» **WHAT YOU ARE ASKED TO DO**:
Reproduce exactly the entries from the "UNITY JETS Red Embroidered Baseball Cap" line to the end. Skip all pictures.

» **DATA FOR THIS EXERCISE**:

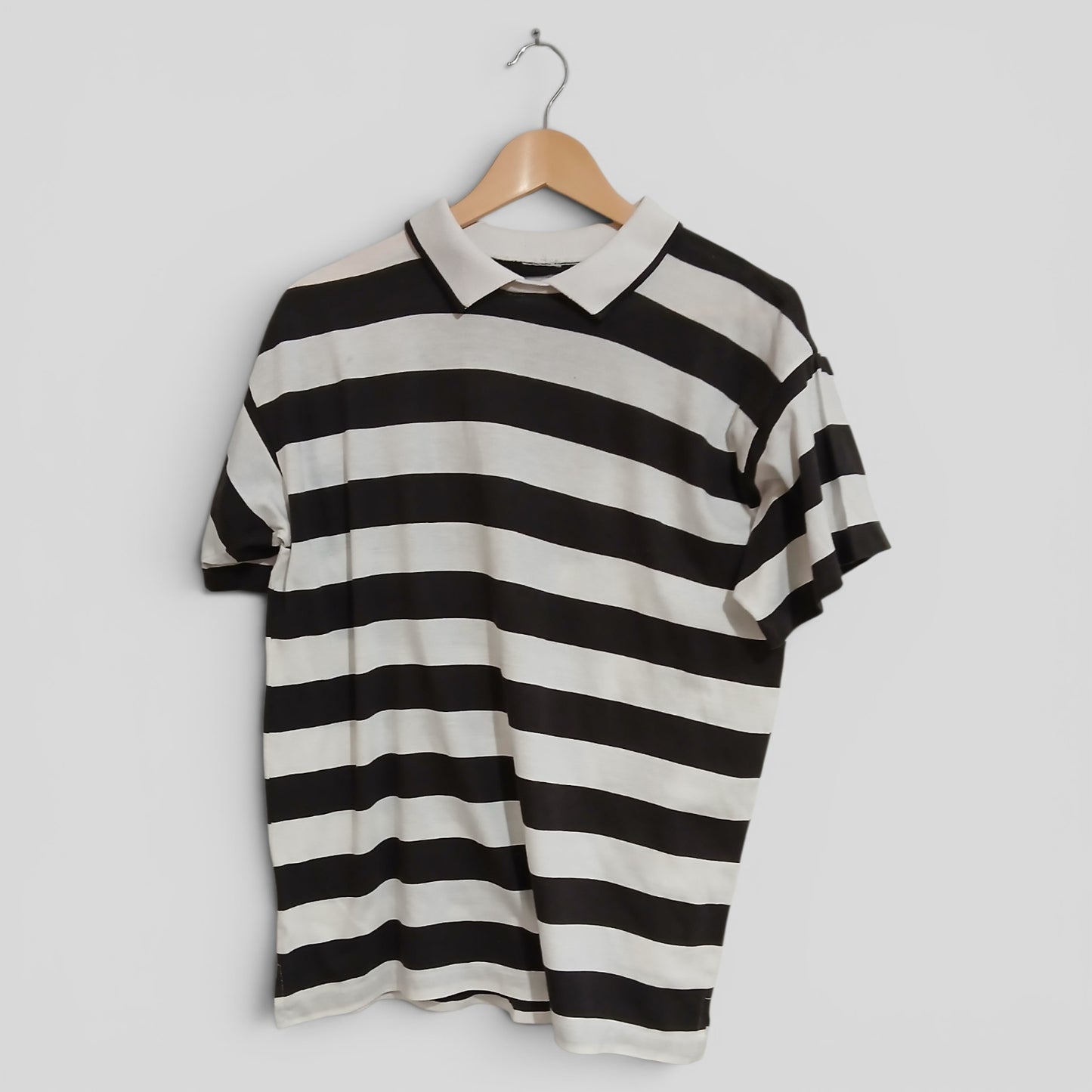 (L) BW Striped Polo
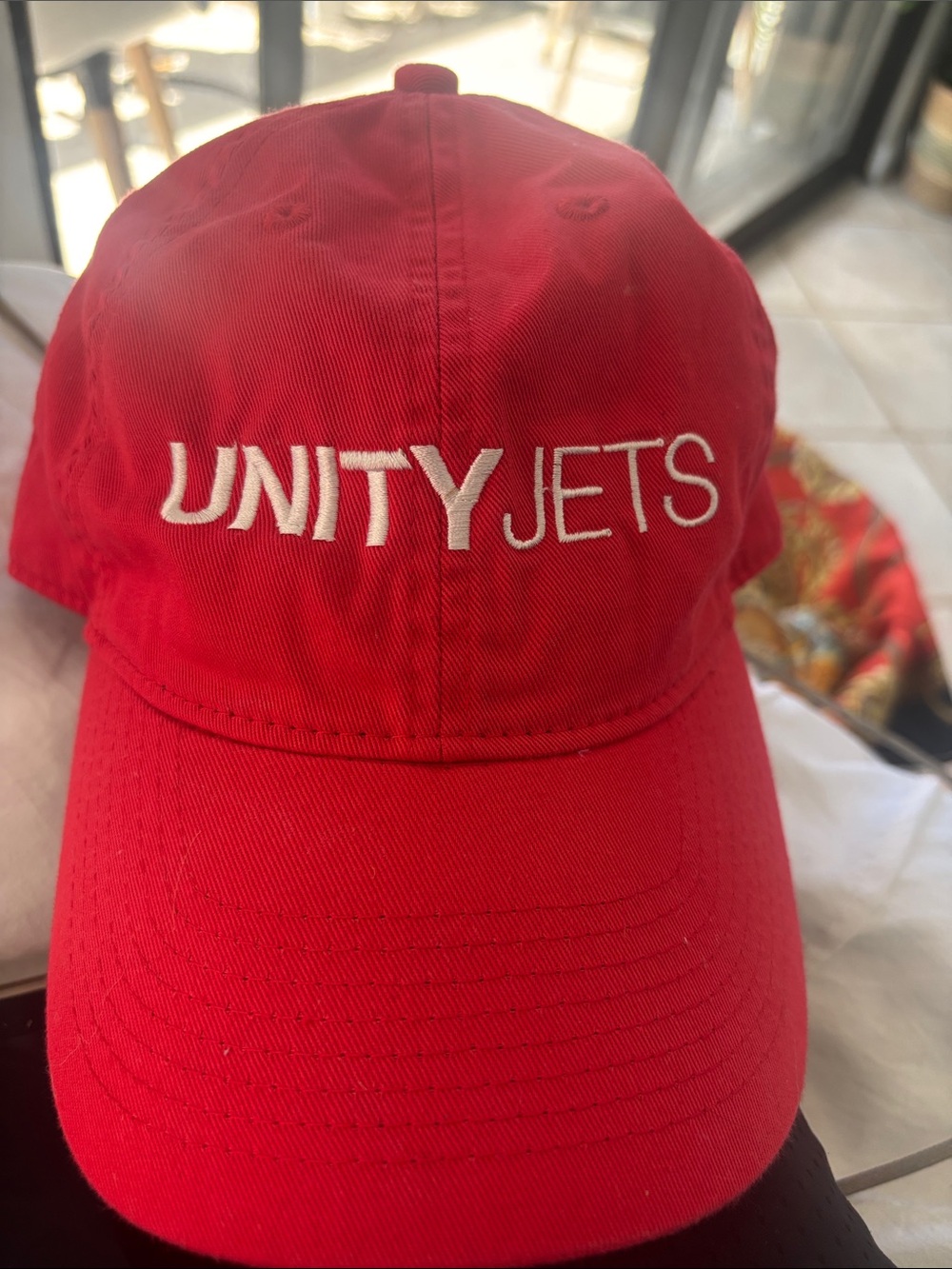 UNITY JETS Red Embroidered Baseball Cap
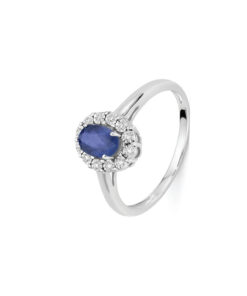 Anello Oro Bianco Diamanti Zaffiro Luce Collezione Iride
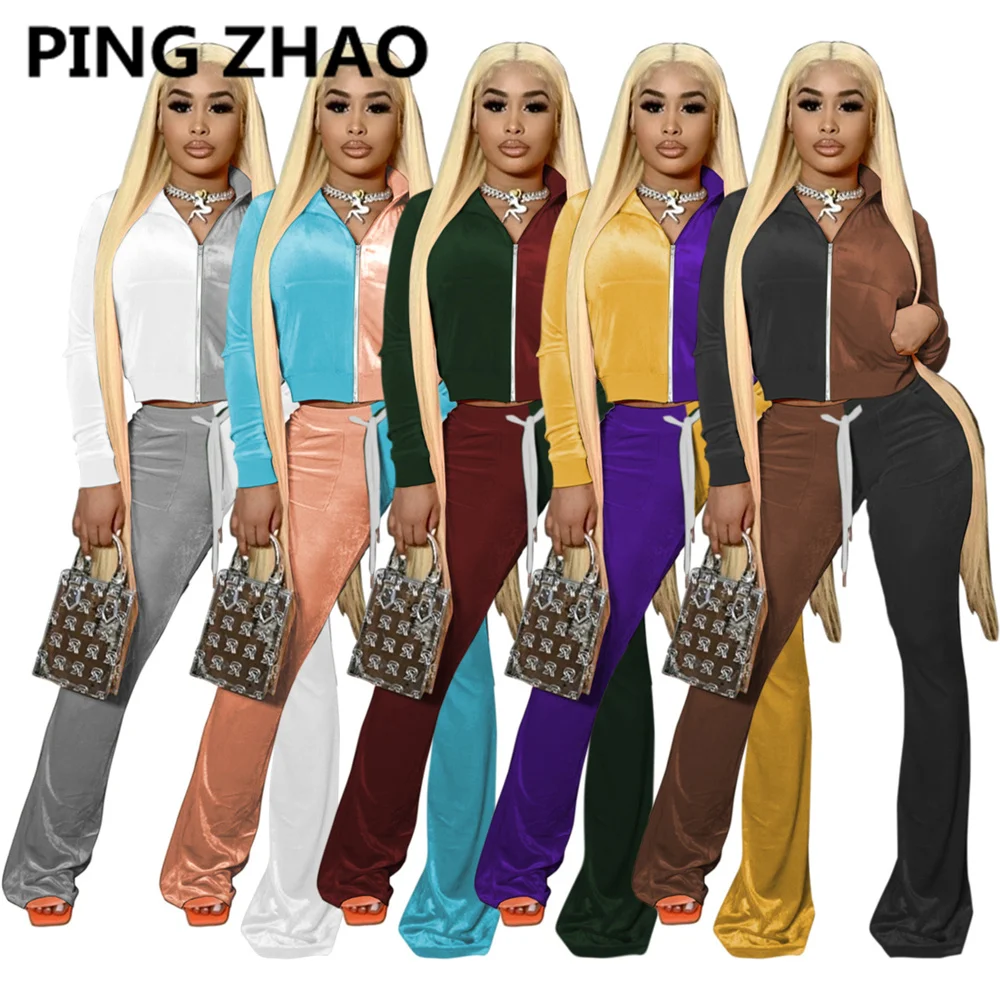

PING ZHAO Velvet Two Piece Set Women Autumn Winter Tracksuit Patchwork Zipper Long Sleeve Hoodies Top Flare Pants Casual Suit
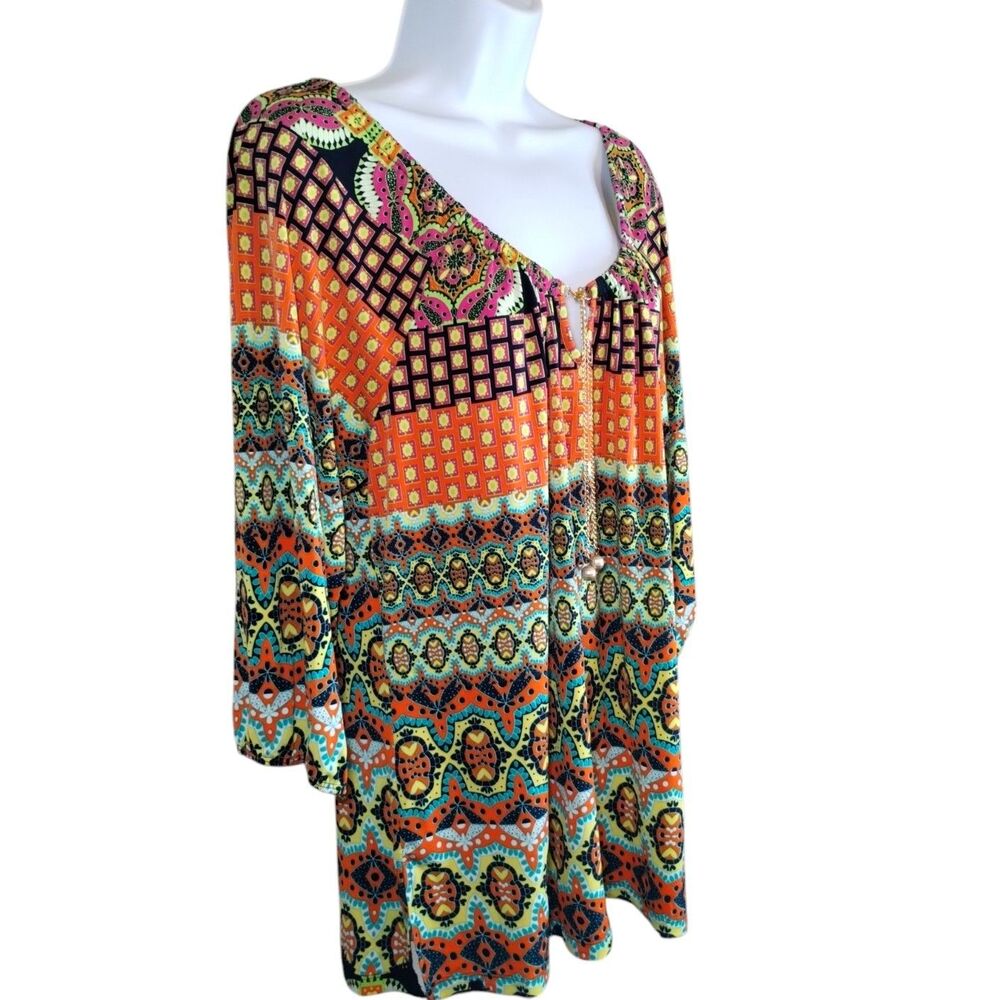Susan Lawrence BOHO Style Blouse 3/4 elastic Sleeve Chain V Neck Closure L - Picture 3 of 9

» **TASK ANSWER**:
 UNITY JETS Red Embroidered Baseball Cap
 Anello Oro Bianco Diamanti Zaffiro Luce Collezione Iride

PING ZHAO Velvet Two Piece Set Women Autumn Winter Tracksuit Patchwork Zipper Long Sleeve Hoodies Top Flare Pants Casual Suit
Susan Lawrence BOHO Style Blouse 3/4 elastic Sleeve Chain V Neck Closure L - Picture 3 of 9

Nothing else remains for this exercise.